There's no real agreed-upon definition for AI, but in this course we'll consider it to be the mathematical study of intelligent action in a complex environment. We usually think about 4 different kinds of AI: systems that think like humans, act like humans, think rationally, or act rationally. The definitions usually differ along the dimensions of thinking vs. acting and human behaviour vs. idealized rational behaviour. In other words, we're trying to duplicate what the human brain does (passing the turing test), and what the human brain should do (acting rationally).

Overview of AI in popular perception: threats of superintelligence, automation displacing jobs, biases encoded in AI models, self-driving cars. Overview of the turing test, including issues like not being amenable to mathematical analysis, whether it's more important to understand underlying principles than mimicking true intelligence, and whether it's even a good test (we don't make planes by trying to make something so bird-like that it fools a bird). Overview of history of AI, like Turing's work, the Dartmouth meeting, AI winter, and modern computational AI.

Classically, AI was seen to mean general problem solving, like solving chess.
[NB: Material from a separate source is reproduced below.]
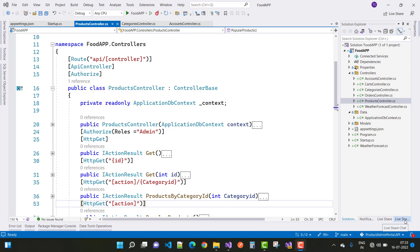Hey everyone, welcome to my channel ASP.NET Core. Today I'm going to show you the third video tutorial of Xamarin Forms mobile app — Android app — which is a food delivery app project.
More recently, we focus more on specific problems, such as perception, robotics, and deliberative reasoning (thinking about what to do based on available data), with a greater focus on statistical methods, decision theories, and probability.

In this course we'll talk about classic AI problems like search, as well as knowledge representation/reasoning, making decisions under uncertainty, and learning.
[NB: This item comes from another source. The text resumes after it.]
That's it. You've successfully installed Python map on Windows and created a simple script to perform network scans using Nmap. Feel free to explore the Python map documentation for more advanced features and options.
An **agent** is an entity that perceives and acts. We usually evaluate agents based on things like how well it achieves goals and how many resources it consumes. Agents exist within an environment, with actuators, sensors, and environmental constraints. Environments can be fully/partially observable (can we see the entire environment at once?), deterministic/stochastic (does the same action always result in the same result?), episodic/dynamic (do previous steps affect later steps? in classification no, since previous predictions are independent, but in chess yes, since previous moves are very important), discrete/continuous (chess AI could be considered discrete, whereas controlling a robot arm might be considered continuous), and single/multi agent (is the agent the only one in its environment?).

Search is one of the first topics in AI, used in everything from theorem proving to robotic navigation. Search problems consist of a **state space** (the world we're searching within), a **successor function** (given a state, determines possible actions/next states and the cost of getting to those states), a **start state** (the state at the start of the search), and a **goal test** (determines whether we've reached the goal, and possibly also information about how close we are to the goal). A **path** is a sequence of states and operations. A solution is a path from the start state to a state that satisfies the goal test. An optimal solution is a solution of minimal cost.

Consider a pac-man AI. the state space would be the game map, the successor function would define actions like, moving left/right/up/down and how expensive those would be, the start state would be the initial game state, and the goal test would be getting to the end.

Overview of N-queens problem and why it's a search problem, as well as various other types of search problems. For our purposes, search problems won't have elements of chance, continuous states, adversaries, or partial observation - all of our problems will be deterministic, discrete, single-agent, and fully observable.

The world state includes every detail of the environment at a certain point in the search process. For something like pac-man, we might care about pac-man's position, the dots, and the ghosts, but pathfinding might only have current position in its state.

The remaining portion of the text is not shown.